1. Ditch those processed food products and refined carbs
Did you know that white bread, pasta, rice, sugar-laden foods and anything made from refined carbs do not enhance skin health? Because these foods are rapidly digested they cause a sharp spike in blood glucose to which your pancreas reacts to and produces a large amount of insulin.
Researchers speculate that this insulin spike stimulates insulin-growth factor 1 (IGF-1) receptors in the skin which in turn increases the growth of skin cells that cause the sebaceous gland ducts to kink leading to the formation of pimples.
Instead of highly processed foods, go for moderate amounts of whole foods – since they contain more fibre, they are digested more slowly. This allows for a more gradual release of insulin.
- Try 100% whole grain products (check the ingredient list)
- You love rice? Then go for brown rice
- Instead of pouring sugar in your beverages, try adding some cinnamon powder or raw honey – artificial sweeteners are a big no-no if you want clear skin!
- Be adventurous: try pseudo-cereals like amaranth, buckwheat or quinoa.
- Throw out your morning sugar laden cereals and try oatmeal with some nuts and berries
2. Cut down on dairy
The two major proteins in milk are casein and whey. Studies have shown that:
- Whey protein contains betacellulin, a growth factor that causes the skin follicles to produce too much sebum that can get trapped inside clogged pores – this can cause inflammation.
- Whey and Casein increase production of IGF-1.
Researchers have also linked acne to the hormones and other bioactive substances present in milk products.
- Try non-dairy milks like almond, rice or coconut milk
3. Go fish!
"Inflammation triggers the cells to clog the pore, causing acne," explains Nicholas Perricone, a dermatologist.

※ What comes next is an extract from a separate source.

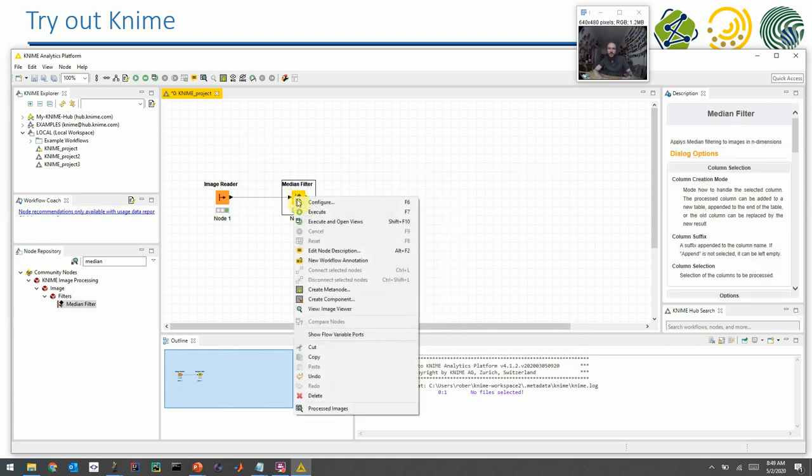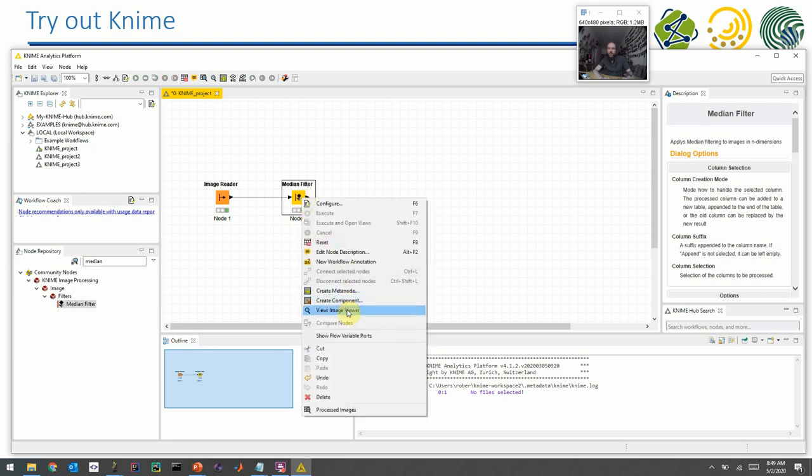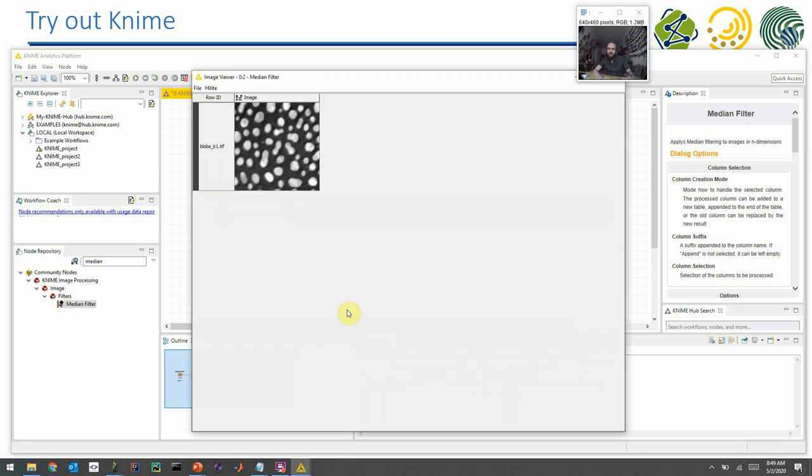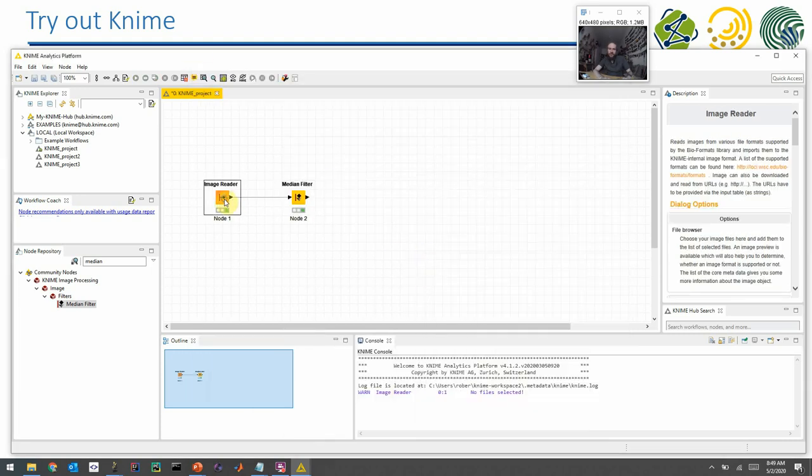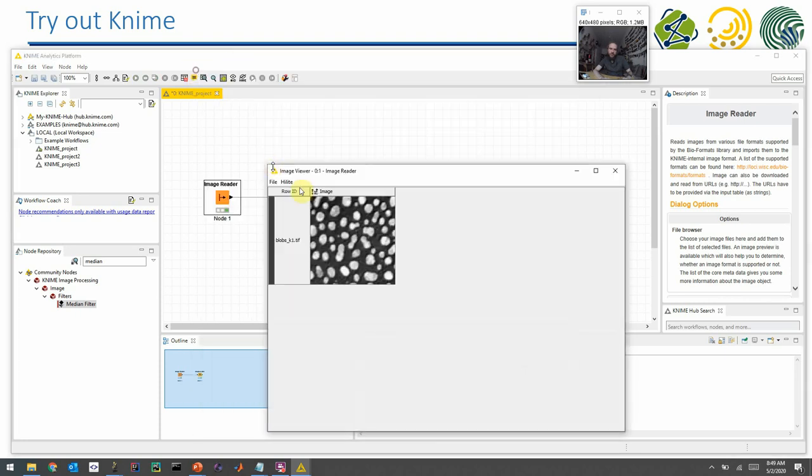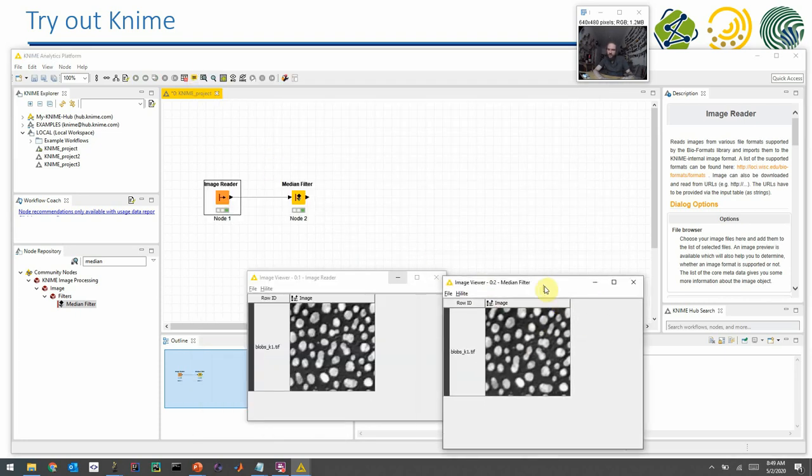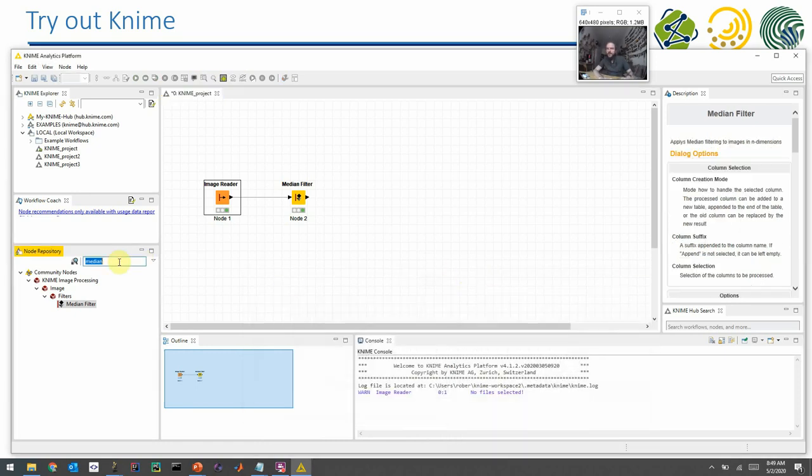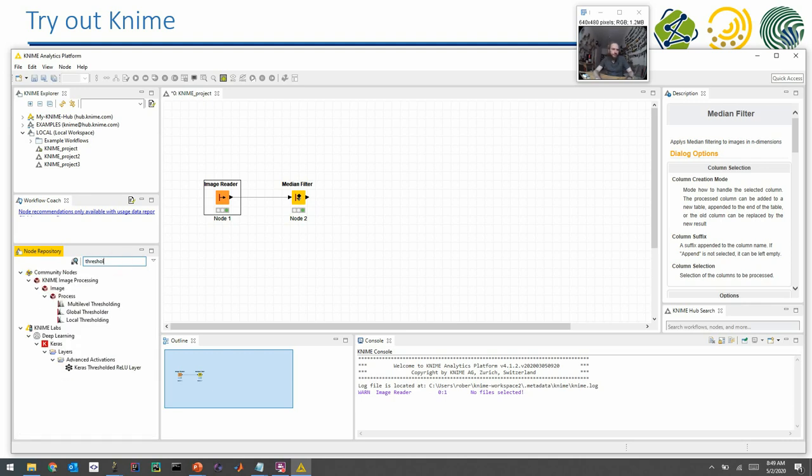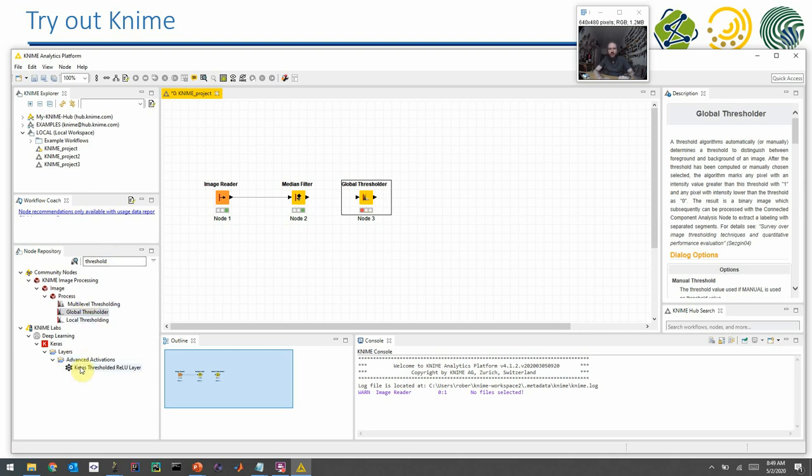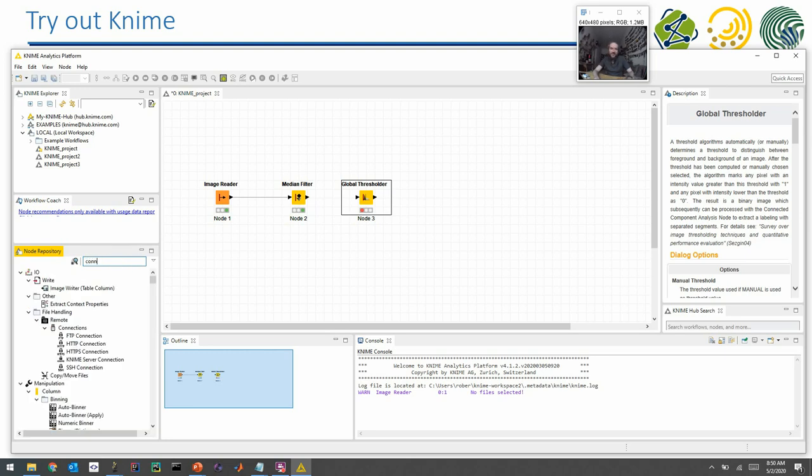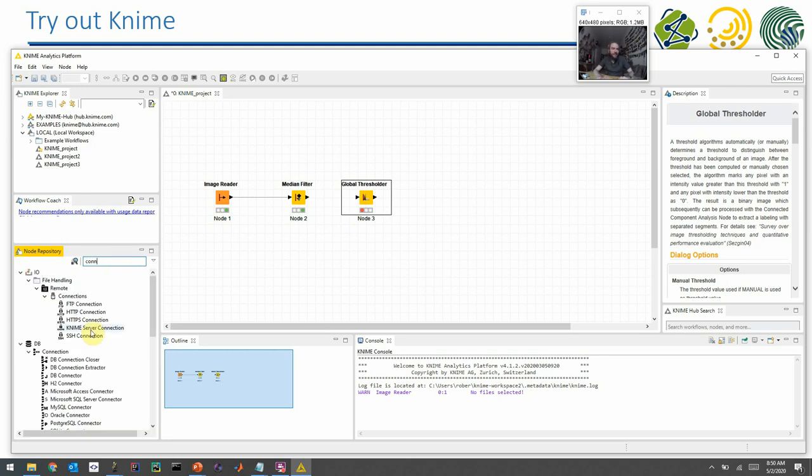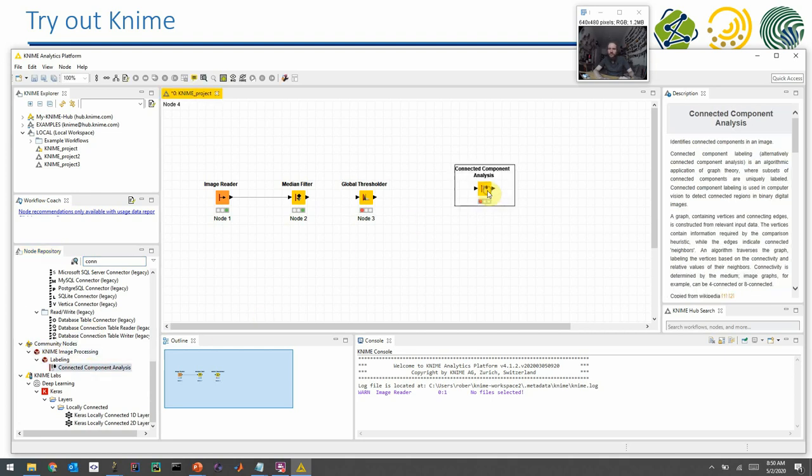You can look at results of nodes by opening the viewer. So I see here the image viewer of the median filter. So after the median filter, thresholding is the next step. I don't want to apply a local threshold, but I just want to have a binary decision. So that's the global threshold. What's the next step afterwards? Connected components analysis. And you see here many things with connect. And in the community nodes, in KNIME image processing, there is connected components analysis.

What’s inflammation got to do with fish? Seafood, especially cold water fish like tuna, salmon and mackerel, are rich in anti-inflammatory omega-3 fatty acids. These omega-3s have been shown to improve acne severity and reduce lesions.
- Don’t eat fish? Ask your doctor about omega 3 supplements. Nuts and seeds also contain some omega 3s
- Opt for wild fish instead of common farmed ones
4. Eat antioxidant rich vegetables
When the oily sebum is exposed to UV light or toxins, it is oxidised by free radicals and the oxygen content of the sebum is lowered. This helps the bacteria responsible for acne namely Propionibacterium acnes to multiply and cause further inflammation. Scientists have observed that people with acne have considerably lower levels of antioxidants but a much higher sebum output. One way to dampen this inflammation (besides consuming omega-3s) is to consume more antioxidant rich vegetables.
- Eat a vegetable at each meal
By following these tips on good foods to eat and foods to stay away from, you’ll be well on you way to developing a healthy and clear complexion.